Home Politik Bisakah Milenial-Gen Z Ubah Perolehan Suara 3 Bacapres Usai Adu Gagasan di UGM?

Bisakah Milenial-Gen Z Ubah Perolehan Suara 3 Bacapres Usai Adu Gagasan di UGM?

Jakarta, Gatra.com – Tiga bakal calon presiden (bacapres) untuk pertama kalinya menyampaikan gagasan-gagasannya di Universitas Gadjah Mada (UGM) Yogyakarta pada Selasa, 19 September 2023 lalu.

Ketiga bacapres tersebut ialah Anies Rasyid Baswedan yang disokong Koalisi Perubahan untuk Persatuan (KPP) yang terdiri dari Pratai NasDem, PKS, dan PKB. Kemudian Ganjar Pranowo yang diusung PDIP dan PPP. Terakhir Prabowo Subianto dari Koalisi Indonesia Maju yang terdiri dari Gerindra, Golkar, PAN, dan Demokrat.

Selama dan setelah agenda tersebut berlangsung, banyak kelompok masyarakat yang terus membicarakannya, terutama kelompok milenial dan Generasi Z. Menurut Daftar Pemilih Tetap (DPT) Pemilu 2024 yang dikeluarkan Komisi Pemilihan Umum (KPU) pada Juli lalu, kelompok pemilih dari segmentasi milenial dan Generasi Z merupakan jumlah pemilih dominan.

Tercatat bahwa pemilih milenial adalah sebanyak 66.822.389 atau 33,60%, sementara Gen Z sebanyak 46.800.161 atau 22,85%. Jika ditotal, persentasenya mencapai 56,45% atau paling dominan dibanding segmentasi usia lainnya.

Kelompok masyarakat dari generasi ini banyak beradu opini di media sosial Twitter atau X. Lembaga analisis media sosial Drone Emprit menangkap riuh pembicaraan warganet mengenai gelaran adu gagasan ketiga bacapres di UGM.
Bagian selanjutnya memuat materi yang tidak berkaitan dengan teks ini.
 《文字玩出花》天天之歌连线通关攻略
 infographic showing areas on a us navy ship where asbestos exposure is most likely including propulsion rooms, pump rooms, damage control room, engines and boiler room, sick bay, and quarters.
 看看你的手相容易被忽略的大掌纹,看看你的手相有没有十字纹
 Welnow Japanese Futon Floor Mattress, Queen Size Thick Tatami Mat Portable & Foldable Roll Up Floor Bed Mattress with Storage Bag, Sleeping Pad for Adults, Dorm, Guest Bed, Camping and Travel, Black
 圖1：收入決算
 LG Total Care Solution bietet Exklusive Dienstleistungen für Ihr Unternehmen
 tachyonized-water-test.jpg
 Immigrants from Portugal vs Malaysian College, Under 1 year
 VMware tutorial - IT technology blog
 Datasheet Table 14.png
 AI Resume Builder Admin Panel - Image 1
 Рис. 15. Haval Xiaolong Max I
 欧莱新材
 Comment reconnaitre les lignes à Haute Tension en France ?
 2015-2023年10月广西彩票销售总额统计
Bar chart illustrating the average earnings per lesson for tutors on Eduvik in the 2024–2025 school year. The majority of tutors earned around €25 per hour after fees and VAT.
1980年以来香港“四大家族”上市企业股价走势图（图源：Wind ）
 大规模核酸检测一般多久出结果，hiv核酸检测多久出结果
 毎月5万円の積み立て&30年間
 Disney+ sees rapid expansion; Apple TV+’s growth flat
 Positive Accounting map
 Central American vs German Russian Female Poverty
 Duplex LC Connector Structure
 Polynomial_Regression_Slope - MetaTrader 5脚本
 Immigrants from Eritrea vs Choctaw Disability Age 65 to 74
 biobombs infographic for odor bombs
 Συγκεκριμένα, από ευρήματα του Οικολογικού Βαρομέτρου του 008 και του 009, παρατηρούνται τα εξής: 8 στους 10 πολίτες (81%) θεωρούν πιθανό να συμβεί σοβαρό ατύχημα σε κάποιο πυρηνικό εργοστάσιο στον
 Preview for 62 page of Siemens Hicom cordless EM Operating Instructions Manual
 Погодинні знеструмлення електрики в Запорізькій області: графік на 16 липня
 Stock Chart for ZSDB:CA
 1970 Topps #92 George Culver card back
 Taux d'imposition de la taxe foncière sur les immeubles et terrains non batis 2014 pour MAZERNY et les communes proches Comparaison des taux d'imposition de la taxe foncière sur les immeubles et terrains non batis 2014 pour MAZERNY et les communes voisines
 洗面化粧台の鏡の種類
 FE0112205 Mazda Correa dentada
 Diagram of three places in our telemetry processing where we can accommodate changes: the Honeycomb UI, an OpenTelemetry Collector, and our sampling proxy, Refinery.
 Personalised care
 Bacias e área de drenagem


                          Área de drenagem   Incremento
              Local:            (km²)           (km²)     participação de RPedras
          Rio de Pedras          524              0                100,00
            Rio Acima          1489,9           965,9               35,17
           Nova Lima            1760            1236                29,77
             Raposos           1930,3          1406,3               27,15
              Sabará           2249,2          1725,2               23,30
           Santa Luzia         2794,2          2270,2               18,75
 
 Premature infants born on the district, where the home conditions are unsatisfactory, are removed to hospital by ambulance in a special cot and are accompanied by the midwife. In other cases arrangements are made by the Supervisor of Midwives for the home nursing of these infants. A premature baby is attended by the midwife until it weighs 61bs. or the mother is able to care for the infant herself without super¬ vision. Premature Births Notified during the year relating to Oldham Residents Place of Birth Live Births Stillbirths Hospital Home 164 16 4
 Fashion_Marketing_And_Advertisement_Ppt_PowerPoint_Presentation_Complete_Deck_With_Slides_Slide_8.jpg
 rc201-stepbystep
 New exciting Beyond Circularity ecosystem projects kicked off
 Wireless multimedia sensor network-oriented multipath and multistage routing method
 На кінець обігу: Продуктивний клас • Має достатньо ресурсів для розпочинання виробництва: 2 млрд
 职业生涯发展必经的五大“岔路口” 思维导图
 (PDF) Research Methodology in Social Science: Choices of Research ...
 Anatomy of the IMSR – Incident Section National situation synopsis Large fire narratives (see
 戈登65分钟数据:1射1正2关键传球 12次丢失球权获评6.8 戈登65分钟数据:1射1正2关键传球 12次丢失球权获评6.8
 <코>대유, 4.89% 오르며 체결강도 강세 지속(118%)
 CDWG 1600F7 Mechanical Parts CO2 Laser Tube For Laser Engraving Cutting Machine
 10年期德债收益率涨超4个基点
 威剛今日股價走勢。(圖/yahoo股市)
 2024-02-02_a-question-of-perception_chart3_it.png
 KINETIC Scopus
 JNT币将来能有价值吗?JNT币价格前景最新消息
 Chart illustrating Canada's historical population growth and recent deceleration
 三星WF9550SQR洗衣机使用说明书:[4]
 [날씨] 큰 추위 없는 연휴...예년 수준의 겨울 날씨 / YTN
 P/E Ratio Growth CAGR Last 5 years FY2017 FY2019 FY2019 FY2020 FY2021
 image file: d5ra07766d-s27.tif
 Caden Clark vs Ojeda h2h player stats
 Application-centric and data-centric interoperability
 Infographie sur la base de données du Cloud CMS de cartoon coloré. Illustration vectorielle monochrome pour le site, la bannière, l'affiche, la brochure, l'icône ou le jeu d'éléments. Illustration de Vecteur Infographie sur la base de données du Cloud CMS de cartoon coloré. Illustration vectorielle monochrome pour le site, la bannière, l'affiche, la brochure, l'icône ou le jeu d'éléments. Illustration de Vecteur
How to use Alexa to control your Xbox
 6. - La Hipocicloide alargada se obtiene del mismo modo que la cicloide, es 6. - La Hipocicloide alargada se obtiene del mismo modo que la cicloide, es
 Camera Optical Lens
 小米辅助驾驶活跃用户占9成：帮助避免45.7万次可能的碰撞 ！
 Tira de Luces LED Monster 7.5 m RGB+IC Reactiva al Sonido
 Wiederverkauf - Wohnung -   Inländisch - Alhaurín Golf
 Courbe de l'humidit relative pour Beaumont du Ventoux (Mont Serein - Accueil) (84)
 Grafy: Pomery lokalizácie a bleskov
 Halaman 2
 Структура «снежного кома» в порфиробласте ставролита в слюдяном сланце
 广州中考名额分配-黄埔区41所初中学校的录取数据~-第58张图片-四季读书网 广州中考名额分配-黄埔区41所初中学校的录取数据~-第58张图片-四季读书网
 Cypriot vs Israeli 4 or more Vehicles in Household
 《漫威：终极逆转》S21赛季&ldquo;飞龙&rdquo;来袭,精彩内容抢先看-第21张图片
“Saat acara berlangsung, kutipan pernyataan dari para bacapres menjadi sorotan di antaranya perihal kebebasan pendapat, politik identitas, penegakan hukum, komitmen pada antikorupsi, juga informasi persiapan para bacapres dalam setiap sesi,” ujar Founder Drone Emprit, Ismail Fahmi, pada Kamis, (20/9/2023).

Pengamat politik sekaligus Direktur Eksekutif Para Syndicate, Ari Nurcahyo, mengatakan bahwa pilihan dari generasi muda yang kerap dinilai lebih kritis dari generasi pendahulunya ini akan sangat berpengaruh pada perolehan suara ketiga bacapres pada Pilpres 2024 mendatang.

“Dengan jumlah pemilih yang besar itu yang berpengaruh di media sosial, itu pasti berpengaruh [ke perolehan suara bacapres],” ujar Ari kepada Gatra.com, Sabtu, (23/9/2023).

Namun, Ari mengingatkan bahwa hal itu bisa terjadi jika partisipasi politik dari generasi milenial dan Gen Z terbilang tinggi pada gelaran pemilu nanti. Ia masih khawatir partisipasi anak muda masih rendah. Namun, berkaca pada gelaran-gelaran sebelumnya, ia mengatakan bahwa partisipasi rendah biasanya terjadi di pileg, bukan di pilpres.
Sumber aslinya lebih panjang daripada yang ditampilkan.